Briguglia è presente nel doppio ruolo del padre e del figlio: “Stimolante – racconta l’attore – perché mi ha permesso di interpretare un uomo fatto e finito e un altro pieno di incertezze, come un’immagine allo specchio. Del resto, il padre che interpreto io è quello dei ricordi di Lauro, che non lo ha mai conosciuto. Lo immagina come sé stesso con la barba, dato che tutti gli dicono che gli somigliava come una goccia d’acqua. Da un lato il percorso di Lauro, pieno di ostacoli e dall’altro quello di Anturio, vecchio lupo di mare. Sostanzialmente si trattava di stare su due lati del medesimo spettro emotivo. Ma mi sento più vicino ad Anturio, anche io sono padre e ho tre figli, mentre le incertezze di Lauro le potevo avere a vent’anni. I ricordi e i flashback sono spesso, nel film, proiezioni di uno stato d’animo, quindi a parte gli aspetti tecnici e i personaggi ho lavorato seguendo anche questo percorso narrativo”.
“Nel film ci sono due madri che raccontano – spiega il regista – quindi vari punti di vista che si intrecciano e non necessariamente in ordine cronologico. Sono un epigono di Nazareno Taddei, racconto per immagini e non seguendo la storia, e mi piace anche che il pubblico si confonda. Il pubblico deve lavorare, mettendo insieme le idee e i punti di vista. Come in Hitchcock, del resto o, se vogliamo, nel montaggio originale di C’era una volta in America. Il nocciolo della storia lo rivelo alla fine, ma non voglio che il film si esaurisca in pochi anni.

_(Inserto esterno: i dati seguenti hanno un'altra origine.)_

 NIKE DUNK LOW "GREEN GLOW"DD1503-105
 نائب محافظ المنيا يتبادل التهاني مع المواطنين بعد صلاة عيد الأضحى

Voglio che sia valido anche quando certe tematiche saranno di fruizione abituale. Il senso del film è che si è forti se si cresce amati e con la consapevolezza di essere stati voluti. Solo così si affrontano le proprie paure e si abbracciano i propri sogni. Il passato diventa come uno specchio retrovisore dove guardare per affrontare il futuro, che è quello che vediamo davanti al parabrezza”.
“Tutti i personaggi – commenta Aglaia Mora – sono in una situazione in cui comprimono la propria emotività, situazione che deriva dal non aver fatto i conti con la propria storia. Il mio personaggio è rigido psicologicamente come lo è fisicamente. Il passaggio più difficile è stato sospendere il giudizio su di lei. Ma alla fine vivono tutti una catarsi. La storia è universale, ma la Sicilia assume un ruolo metaforico: montagne rocciose e aspre associate alla culla rassicurante del mare”.
“Natura e cultura che si scontrano – conclude il regista – il conflitto è lì. L’amore è culturale, si impara di amare. E si è figli di chi ci cresce”.